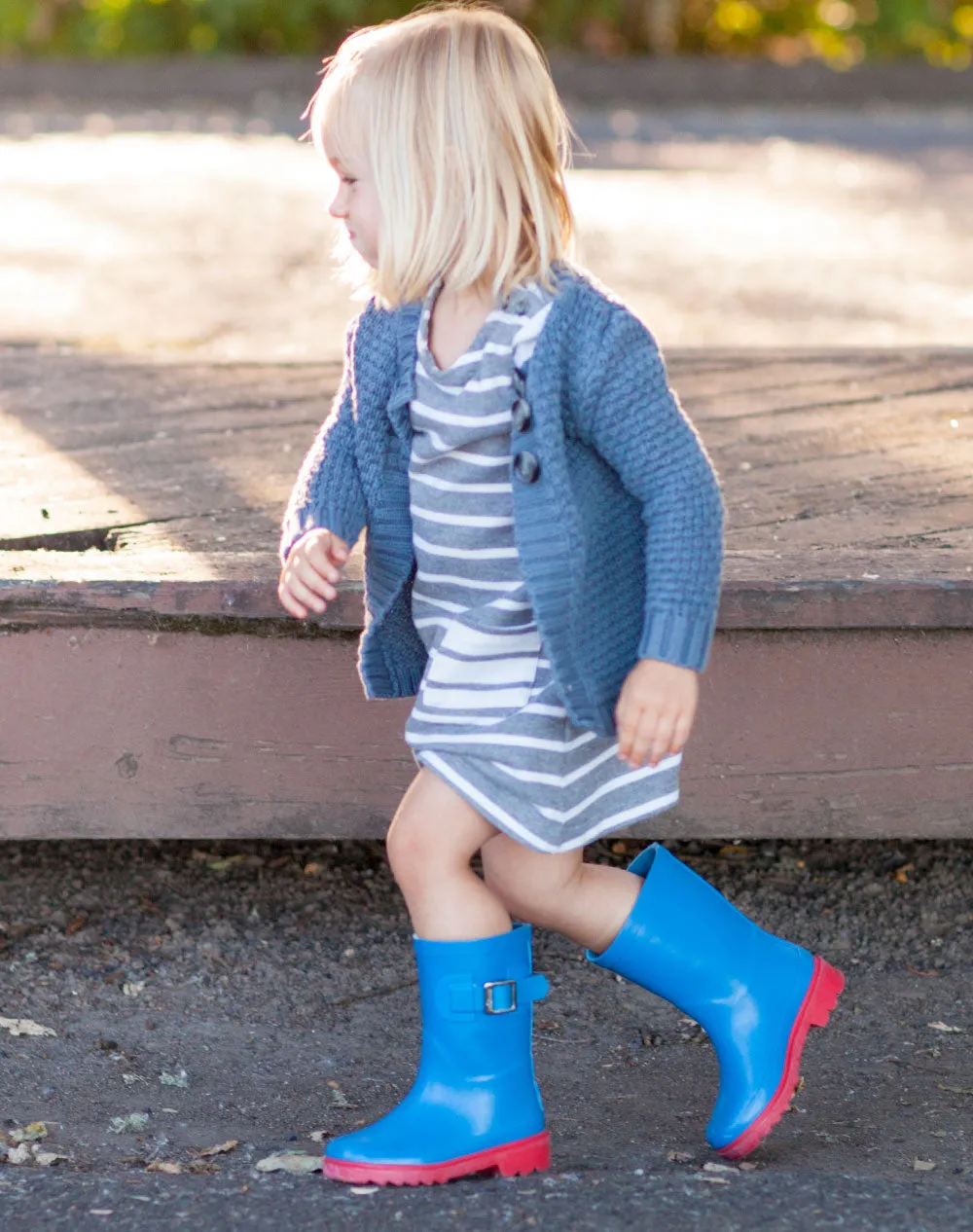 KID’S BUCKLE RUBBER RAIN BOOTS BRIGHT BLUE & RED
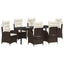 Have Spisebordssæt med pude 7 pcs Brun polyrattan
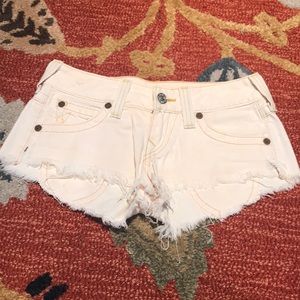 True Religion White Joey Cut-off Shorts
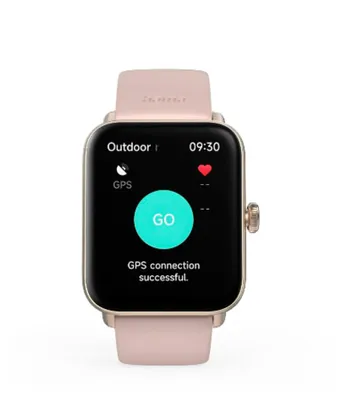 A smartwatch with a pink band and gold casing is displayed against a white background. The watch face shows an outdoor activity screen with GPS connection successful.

--

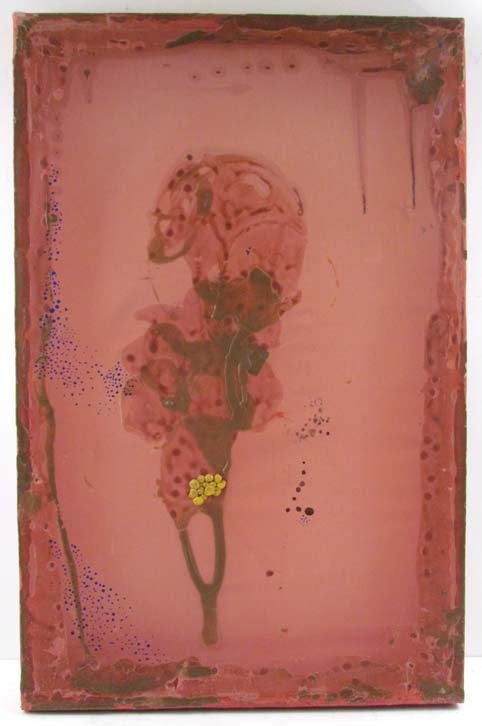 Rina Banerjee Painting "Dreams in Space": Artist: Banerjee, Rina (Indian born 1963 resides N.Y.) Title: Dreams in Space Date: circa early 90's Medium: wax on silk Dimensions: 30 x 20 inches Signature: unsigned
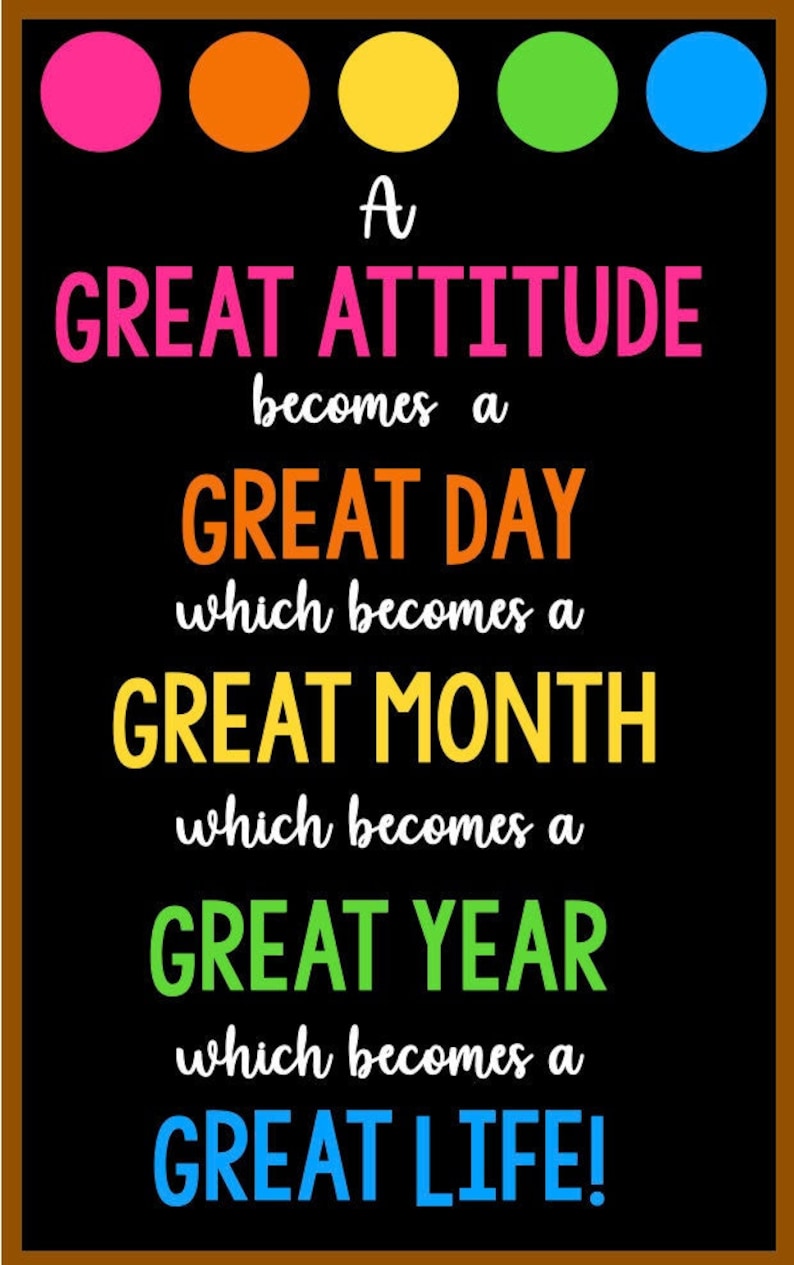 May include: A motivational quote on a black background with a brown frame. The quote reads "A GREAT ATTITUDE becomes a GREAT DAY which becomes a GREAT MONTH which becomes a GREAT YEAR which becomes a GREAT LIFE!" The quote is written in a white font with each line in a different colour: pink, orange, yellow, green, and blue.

**The problem**
Transcribe exactly the lines above, beginning at the one with "True Religion White Joey Cut-off Shorts" and going up to and including the one with "A smartwatch with". Pictures do not belong in the copy.

**Task answer**
 True Religion White Joey Cut-off Shorts
 A smartwatch with a pink band and gold casing is displayed against a white background. The watch face shows an outdoor activity screen with GPS connection successful.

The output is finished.